Another novel research field concerns the development of antibodies targeting the activity of human nerve growth factors. In a phase II trial in patients with postherpetic neuralgia and painful posttraumatic neuropathy [42], fulranumab did not significantly reduce pain in comparison with placebo. When subcutaneous and intravenous tanezumab was compared with placebo in patients with diabetic painful neuropathy and postherpetic neuralgia [43], pain relief was significantly higher with tanezumab than with placebo in only diabetic patients.

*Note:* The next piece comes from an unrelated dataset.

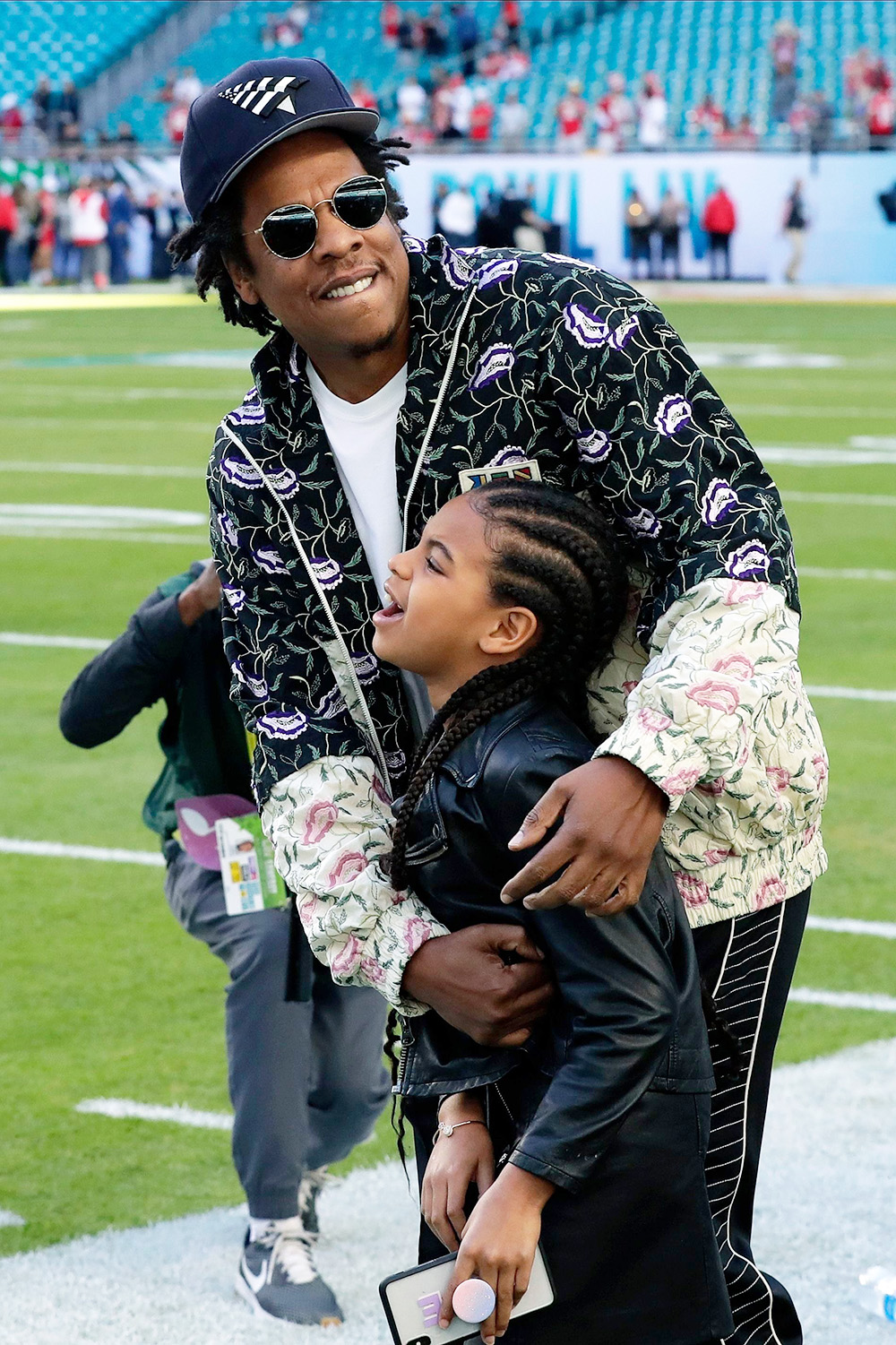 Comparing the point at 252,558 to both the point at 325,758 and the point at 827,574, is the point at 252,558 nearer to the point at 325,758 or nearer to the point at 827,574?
the point at 325,758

Among the new emerging drugs, ASP8477, a selective fatty acid amide hydrolase inhibitor, is under development. This drug was recently tested in patients with peripheral neuropathic pain and showed a good safety profile, though no significant pain relief as compared with placebo was found [40].

6. Conclusions

Our systematic review and meta-analysis, which included data from randomised controlled trials in patients with neuropathic pain, extend previous knowledge by demonstrating small effect sizes and/or large NNTs for all compounds used to treat neuropathic pain [2]. The modest efficacy of available treatments suggests the need for novel drug options. Drugs acting on new pain targets, including sodium channel isoform-specific antagonists and monoclonal antibodies, are currently under development. In particular, the new selective Nav1.7 sodium channel blockers might be an effective treatment option for a selected population [49, 50].